What I'm going to do is to set a hard limit for StreetMerchant's RAM and CPU loads. If this does not help, it must be a StreetMerchant problem.

anthonytam commented 3 years ago

If you're still experiencing crashing after setting RAM and CPU limits, have you looked at the kernel logs? Perhaps this will contain information of killed processes / kernel panics. The only material difference I can think of between our systems is the use of a hypervisor and the age of the CPU. I would be interested in seeing if the kernel logs point to a specific crash culprit.

For context behind system performance, I am running the application with all Canadian retailers selected and all GPUs. The host machine has an Intel Xeon E3-1270 v6 with 6 of 8 cores assigned to the street merchant VM (I sit at ~40% utilization) and have 4GB of RAM assigned to the VM (I normally have 1 to 2GB of free RAM).

shindouj commented 3 years ago

have you looked at the kernel logs?

As I have mentioned previously, no system logs (kernel, syslog, messages, etc. etc.) contain any remark about the shutdown reason. Hetzner has performed a short review of my machine and they claim everything is up to their standards (including cooling).

I have since limited the Docker container to 2 CPU cores (it utilizes 100% of its limit) and to 8 GB of RAM (which it never even touched). It's been working for the last few hours without a hitch - I'll update this issue when it works stable for a day or so.

I still think such a trivial task should not involve so much system resources, but it is what it is. Would it be too much to ask you to clarify why you settled for using full Chromium instance(s) instead of a simpler HTTP(S) client like curl?

anthonytam commented 3 years ago

Sorry I missed that, I just wanted to ensure system logs included the kernel entries. Unfortunately I don't have and CPUs on hand around the same age so I'm not able to test a similar configuration to you; I haven't been able to replicate the issue in docker with what I have (Some older, some newer chips)

Would it be too much to ask you to clarify why you settled for using full Chromium instance(s) instead of a simpler HTTP(S) client like curl?

I can't speak to the initial implementation of the application, however I can mention my experiences with web scraping in the past

Unfortunately in the current state of most modern websites, JavaScript has become a requirement in order for most websites to load dynamic data. In the context of streetmerchant, without JS most sites would not load their stock numbers. Curl doesnt have capabilities of running any JS / modifying the DOM for any dynamic elements. A few years ago, PhantomJS was quite popular for this reason, however support for it has been quite up and down now. Currently, the only reliable way to perform any kind of web scraping for dynamic client context is to spin up a full browser engine and render the page allowing you to mimic interactions on the site (For example, some sites don't by default load the full page, you need to scroll down before more page data is requested in JS). It's bulky but unfortunate the most reliable.

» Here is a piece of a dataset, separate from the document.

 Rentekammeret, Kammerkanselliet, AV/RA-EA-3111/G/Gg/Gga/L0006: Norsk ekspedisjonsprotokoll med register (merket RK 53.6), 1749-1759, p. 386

benben commented 3 years ago

I am wondering myself but streetmerchant takes A LOT of resources. If I limit the CPUs through docker to anything less than 3, it starts failing and timing out. I can think of two ways a fluent typescript/JS ecosystem person could try: Spawn less chrome instances or reuse open chrome instances. It looks like it spins up a chrome for every request. Can this confirm someone?

wofnull commented 3 years ago

it actually work with pupeteer in the background, which only spawns one chrome instance and lets it stay open, spawning for every request a new thread.

Chromium itself is optimized for max performance and stability, using all available ressources by design, therefore if you open a new tab, it creates an additional (or more) process per tab and closes it when the tab closes. this leads to a strong system lag when many requests happen at once.

You can check this behaviour in a normal desktop enviroment running with your config and setting the headless option to false in there.

Only way around would be to switch from chrome to something way less performance hitting like curl / wget, which indeed would cause a big base overhaul of the script itself.

benben commented 3 years ago

Ok that makes sense. Thank you for giving that explanation! From the processes it really looks like a fully blown desktop chrome from a human with 100 abandoned tabs open 😂

I tried to find a setting where you can limit how many pages are opened a second or similar. Couldn't find anything beside playing with PAGE_SLEEP_MIN and PAGE_SLEEP_MAX but didn't really help.

It would be helpful to have some kind of throttling setting for streetmerchant: Only open a page every 10 seconds or similar. I tried to find that part in the code already but wasn't successful. Even a simple sleep might help already?

What do you think?

benben commented 3 years ago

Ok I tried again to read the code and it looks like there is no common shared pool which you could throttle and instead it does a timeout for all stores independently. This means shops do not request in sync and rather randmly depending on their response time, which makes it possible that at some point a lot of shops time out and try to request at the same time which will cause high load. Just imagine open your browser and it tries to load all open tabs at once.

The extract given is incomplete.